Sabe quando alguém diz que “já superou”, mas na primeira discussão puxa o passado como quem saca uma arma carregada? Pois é. O passado é a munição mais fácil de alcançar quando o orgulho tá ferido. Mesmo quem garante que seguiu em frente, às vezes deixou uma gaveta entreaberta lá no fundo da mente, cheia de lembranças mal resolvidas — só esperando uma brecha pra escapar.
No calor da briga, ninguém quer resolver, quer vencer. E o ego, esse estrategista do caos, sussurra: “Puxa o que dói. Isso vai acertar em cheio.” E acerta. Mas o que ninguém percebe é que, ao tentar ferir o outro, quem sangra primeiro é quem atira. A briga deixa de ser sobre o presente e vira um campo de batalha do passado.
De que adianta vencer uma discussão se, pra isso, tu precisa sangrar junto? Quem joga o passado na cara do outro não faz isso por amor — faz por raiva, orgulho ou medo de perder a razão.
Superar não é fingir que nada aconteceu. É lembrar sem sentir raiva, é conseguir olhar pra trás e ver história, não ferida. É entender que aquilo fez parte, mas não define mais quem tu é — nem quem o outro é.
O problema é que muita gente confunde “guardar” com “superar”. Só que o que fica guardado demais apodrece. E quando apodrece, exala nas atitudes, nas palavras atravessadas, nas ironias disfarçadas.
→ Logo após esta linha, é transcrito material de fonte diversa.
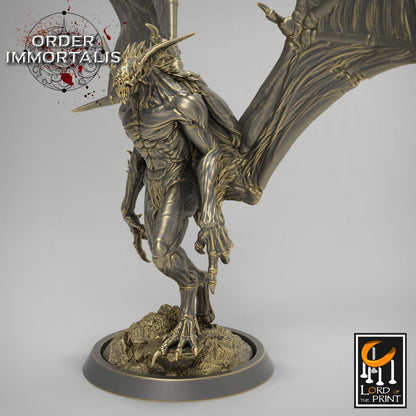 Flying Vampire miniature from Tattles Told 3D's Immortalis tabletop scale monster series, featuring a detailed vampire with wings.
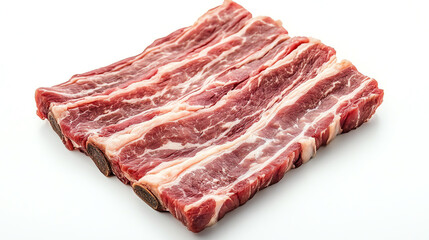Obraz premium Raw marbled beef steak isolated on white background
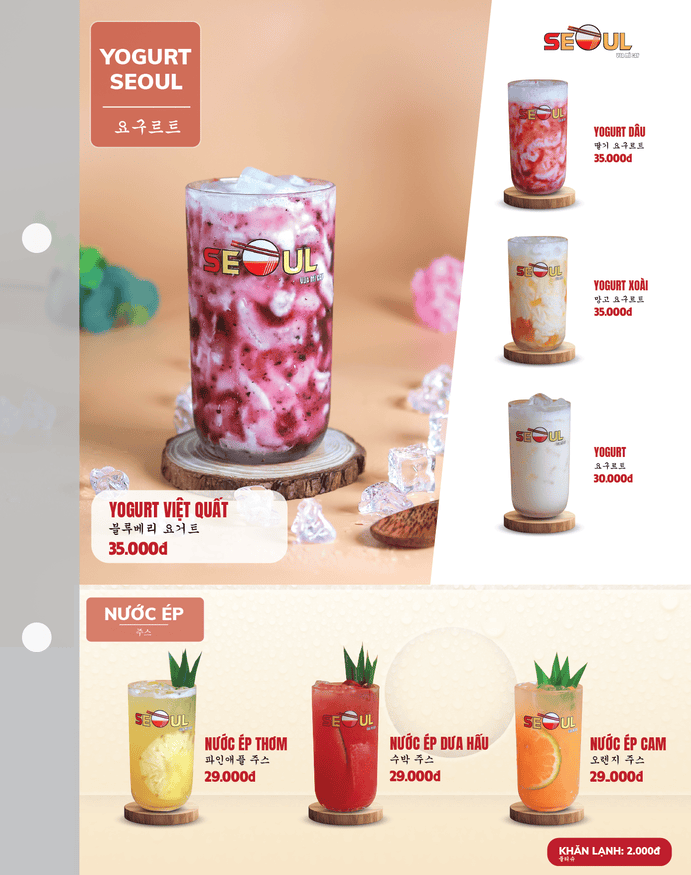 Menu SEOUL Quảng Ngãi trang 16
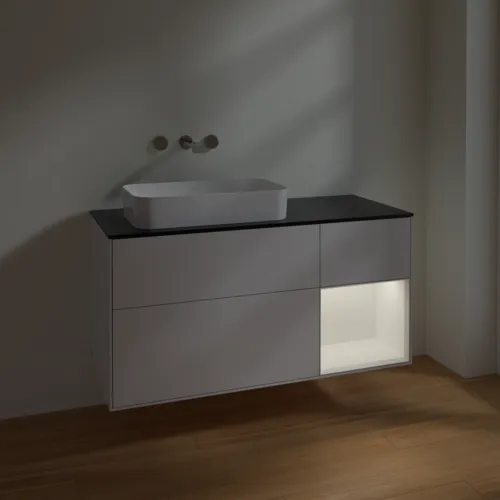 Bild von VILLEROY BOCH Finion Waschbeckenunterschrank, mit Beleuchtung, 3 Auszüge, 1200 x 603 x 501 mm, Glossy White Lacquer / White Matt Lacquer / Glass Black Matt #F692MTGF
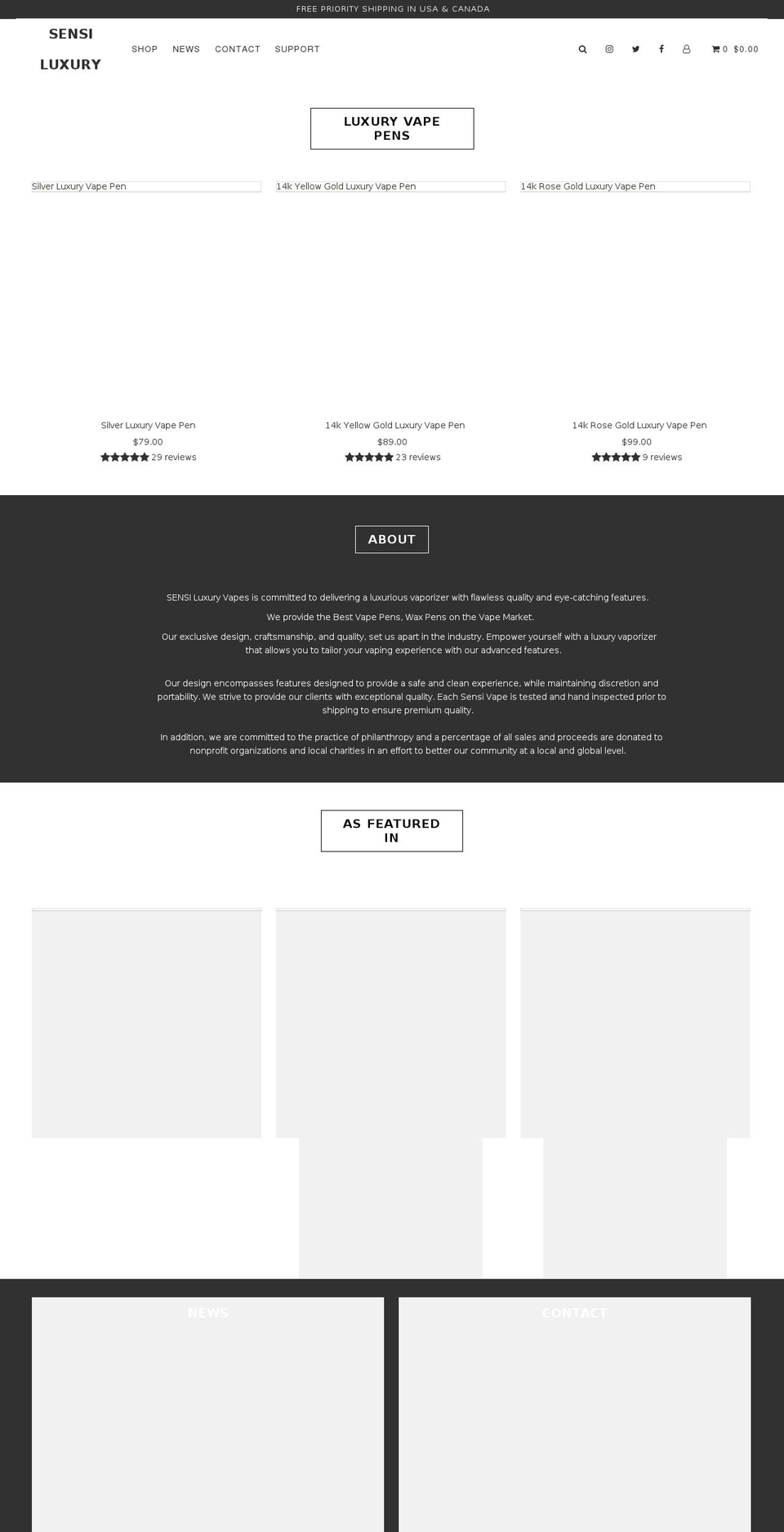 sensiluxuryvapes.com shopify website screenshot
A pessoa diz que esqueceu, mas o coração ainda tem uma gaveta aberta, e qualquer provocação é o suficiente pra revirar tudo de novo.
Se tu quer mesmo seguir em frente, precisa desarmar o passado. Fecha essa gaveta. Deixar de carregar lembranças como se fossem balas prontas pra disparar quando alguém te irrita. O perdão verdadeiro não é um esquecimento forçado — é um alívio consciente. É quando tu entende que o outro errou, tu também, mas que a paz vale mais do que ter razão.
Quando alguém tentar te atingir usando o que já passou, não revida com outra lembrança. Só quem ainda vive preso no ontem precisa disso pra se defender. Responde com silêncio ou com maturidade, porque quem realmente superou, já largou a arma há muito tempo.
Superar é desarmar-se. É olhar pra trás e ver história, não munição. Enquanto o passado ainda servir pra ferir alguém, é sinal de que ainda não foi superado — só escondido, esperando a próxima discussão pra provar o contrário.
Superar é tirar do passado o poder de te ferir de novo. É quando ele deixa de mandar nas tuas reações e passa a ser só uma lembrança — não uma arma.
Abrir a janela do passado no calor da discussão pode deixar a tempestade estragar o presente. Saber quando fechar é a verdadeira forma de superar.